Review by MacabreEternal for Panopticon - Kentucky (2012) Review by MacabreEternal for Panopticon - Kentucky (2012)

MacabreEternal MacabreEternal / February 25, 2019 / 0

Kentucky gets touted as the "breakthrough" release for Panopticon but I have to say it has taken me a good near decade to get to grips with it and its combination of folk, bluegrass and black metal elements.  Without going into too much detail, if the album cover doesn't give it away, the subject matter for the album is the labour struggles in mining in (fittingly) Kentucky with a heavy focus on the film-documentary Harlan County, USA from which many samples are used to great effect.

It is a challenge to get the balance of samples right in record.  They all too easily clash in my experience and can quite quickly become a distraction that detracts from the music itself.  However, Panopticon give a masterclass in the application of the samples here, using the black metal elements to give them a real sense of drama and the bluegrass and folk elements to underline the real human aspect to the stories also.  As such it is an album you feel compelled to listen to in its entirety in order to do both the record itself and the stories real justice.

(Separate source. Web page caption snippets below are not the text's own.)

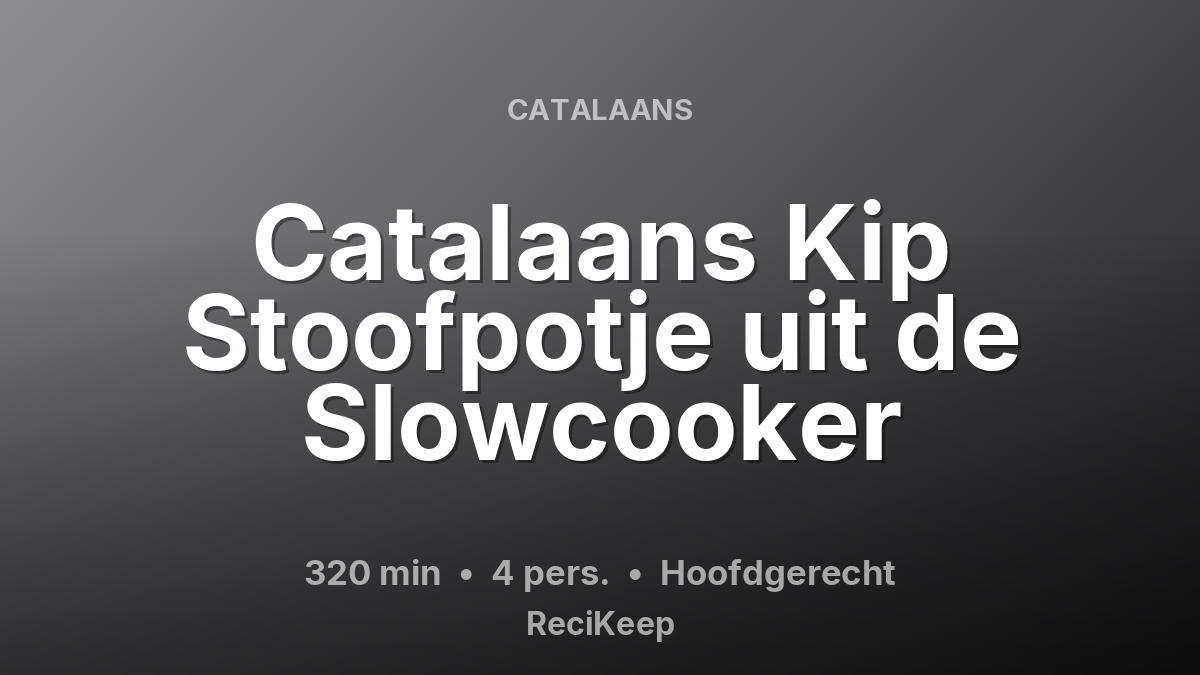 Receptkaart Catalaans Kip Stoofpotje uit de Slowcooker – Hoofdgerecht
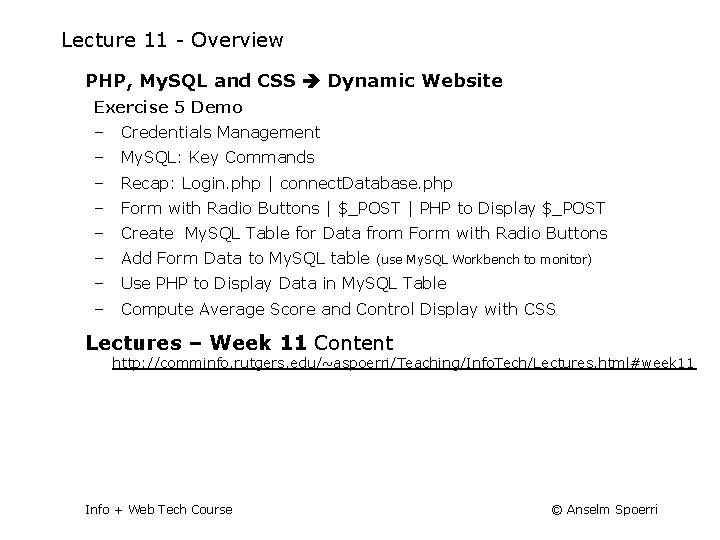 Lecture 11 - Overview PHP, My. SQL and CSS Dynamic Website Exercise 5 Demo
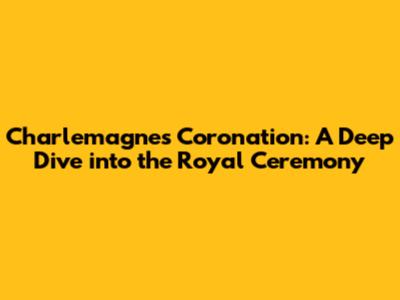Charlemagne's Coronation: A Deep Dive into the Royal Ceremony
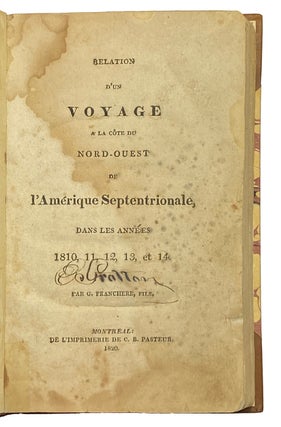 Relation d'un Voyage a la cote du Nord-Ouest de l'Amerique Septentrionale, dans les annees 1810, 11, 12, 13 et 14.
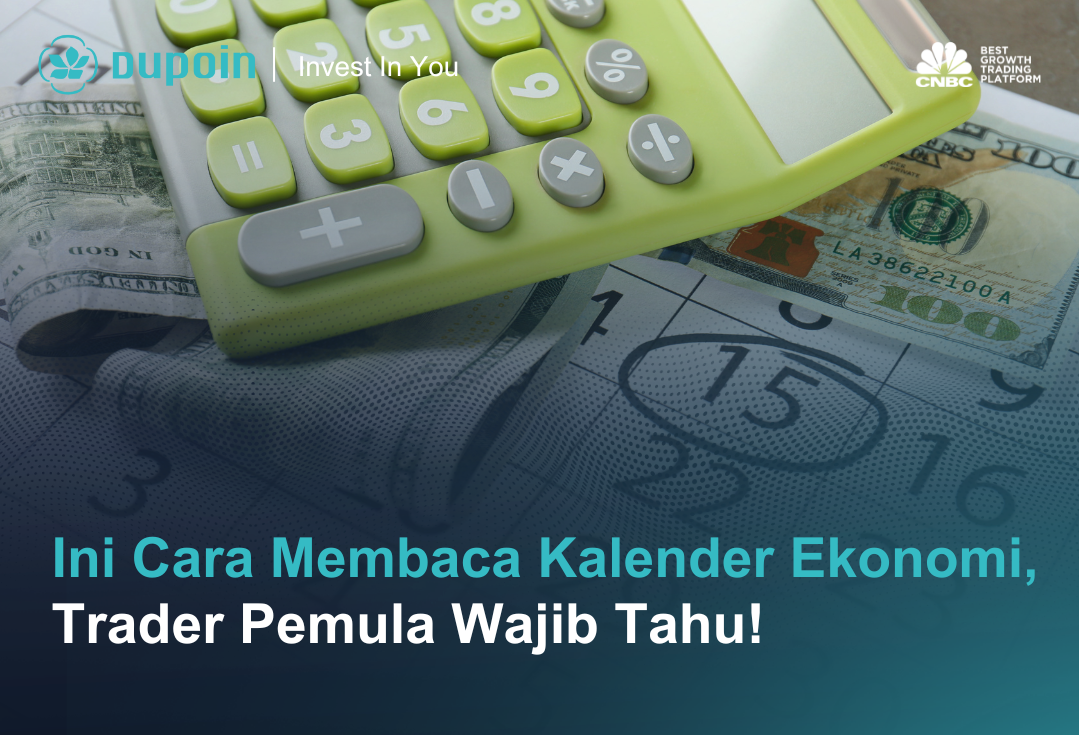 Ini Cara Membaca Kalender Ekonomi, Trader Pemula Wajib Tahu!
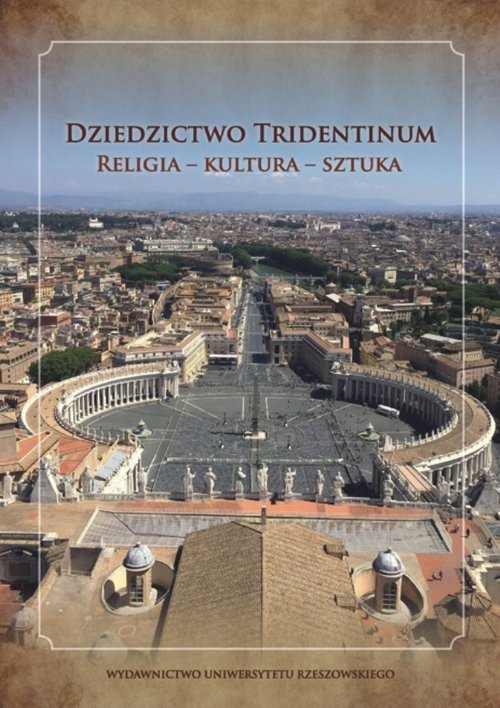 Image of Dziedzictwo Tridentinum Religia - kultura - sztuka
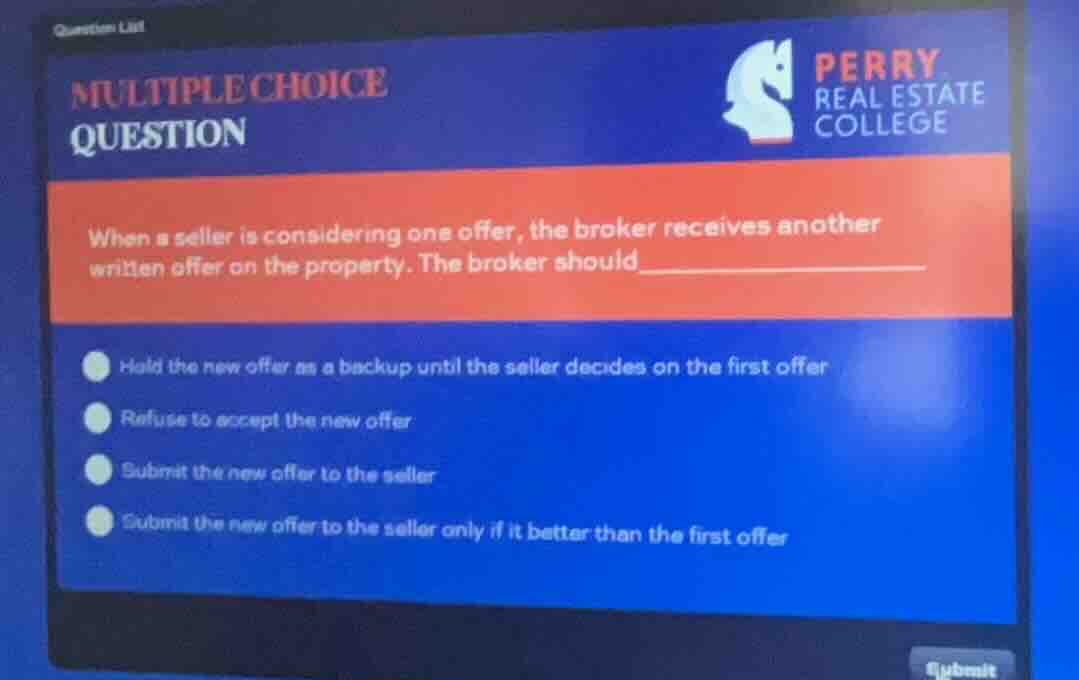 multiple choice question when a seller is considering one offer, the br…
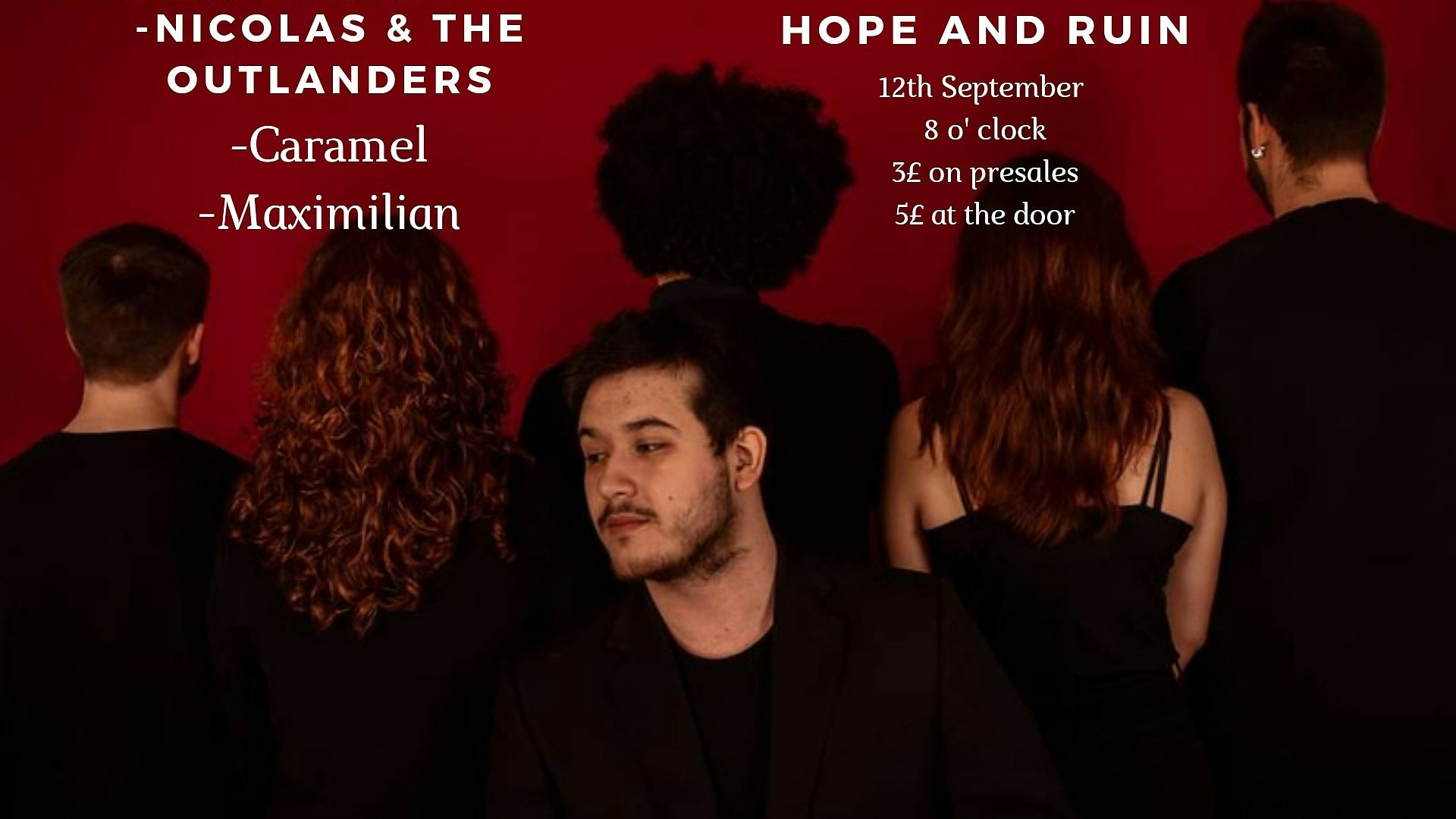 Nicolas and the outlanders + Caramel + Maximilian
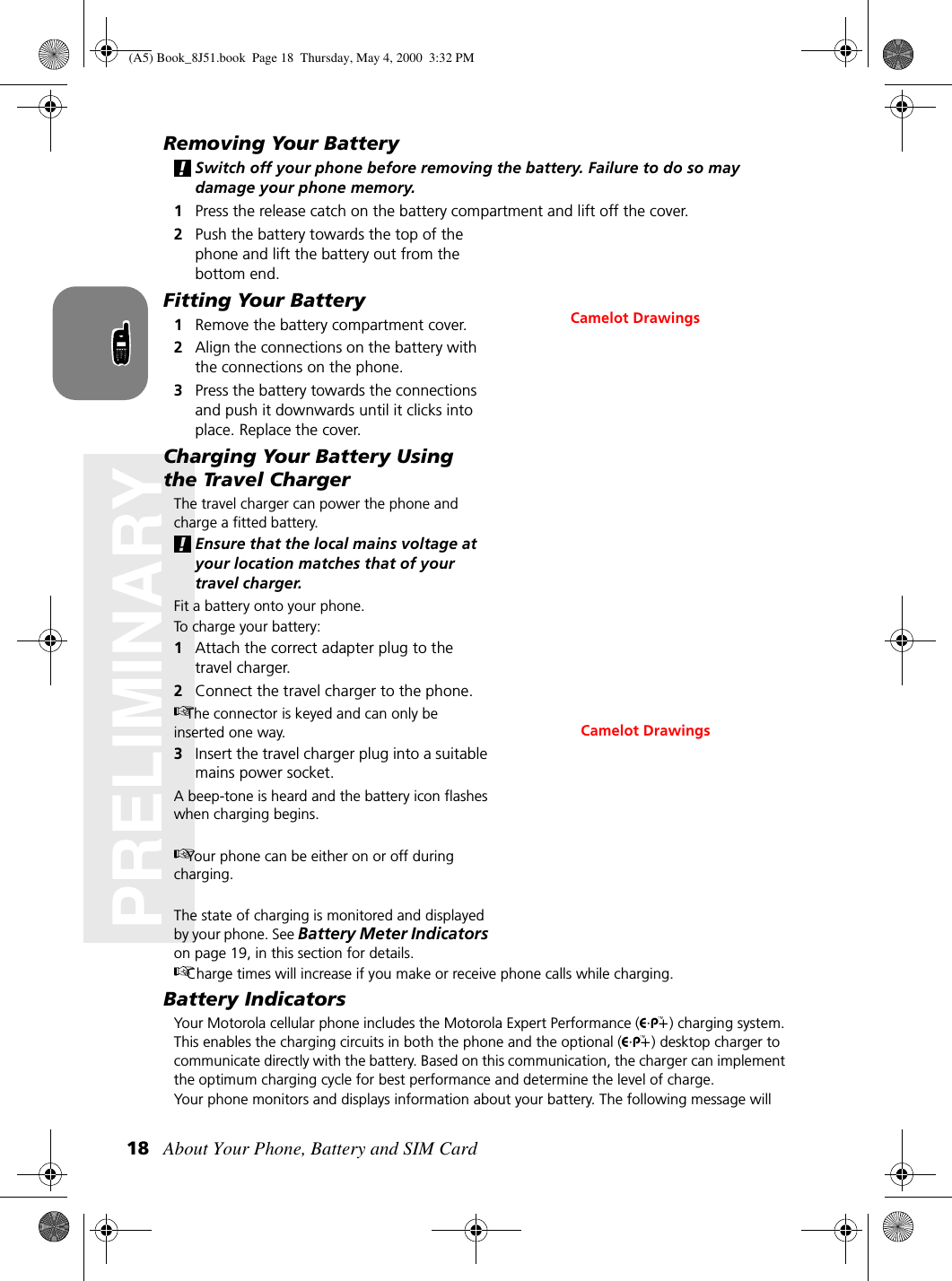 About Your Phone, Battery and SIM Card18PRELIMINARYRemoving Your BatterySwitch off your phone before removing the battery. Failure to do so may damage your phone memory.1Press the release catch on the battery compartment and lift off the cover.2Push the battery towards the top of the phone and lift the battery out from the bottom end.Fitting Your Battery1Remove the battery compartment cover.2Align the connections on the battery with the connections on the phone.3Press the battery towards the connections and push it downwards until it clicks into place. Replace the cover.Charging Your Battery Using the Travel ChargerThe travel charger can power the phone and charge a fitted battery. Ensure that the local mains voltage at your location matches that of your travel charger.Fit a battery onto your phone.To charge your battery:1Attach the correct adapter plug to the travel charger.2Connect the travel charger to the phone.The connector is keyed and can only be inserted one way.3Insert the travel charger plug into a suitable mains power socket. A beep-tone is heard and the battery icon flashes when charging begins. Your phone can be either on or off during charging. The state of charging is monitored and displayed by your phone. See Battery Meter Indicators on page 19, in this section for details.Charge times will increase if you make or receive phone calls while charging.Battery IndicatorsYour Motorola cellular phone includes the Motorola Expert Performance ( ) charging system. This enables the charging circuits in both the phone and the optional ( ) desktop charger to communicate directly with the battery. Based on this communication, the charger can implement the optimum charging cycle for best performance and determine the level of charge.Your phone monitors and displays information about your battery. The following message will Camelot DrawingsCamelot Drawings(A5) Book_8J51.book Page 18 Thursday, May 4, 2000 3:32 PM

The styles of music all have a relevant place here and all are firmly placed across the record with 3 tracks being folk covers and 3 being predominantly black metal (Black Waters sits as some ambient track towards the end - again adding depth; some reflection as the album draws to a close).  This combination of genres works well overall on the album as a whole but on individual tracks the transitions don't always feel they are executed cleanly and whilst never sounding clunky as such they do keep the record off full marks on the rating.

For such a passionate subject matter there's a feeling that the storytelling is done sensibly and the album feels that more sincere and authentic to the cause as a result.  It's sparked an interest in me to go and watch the documentary and learn more which is what good music should do I suppose.  My initial reservation some ten years ago upon first hearing this seems nonsensical now and is evident of my lack of musical maturity at the time because overall this works and is one of the few albums in recent years i have truly connected with.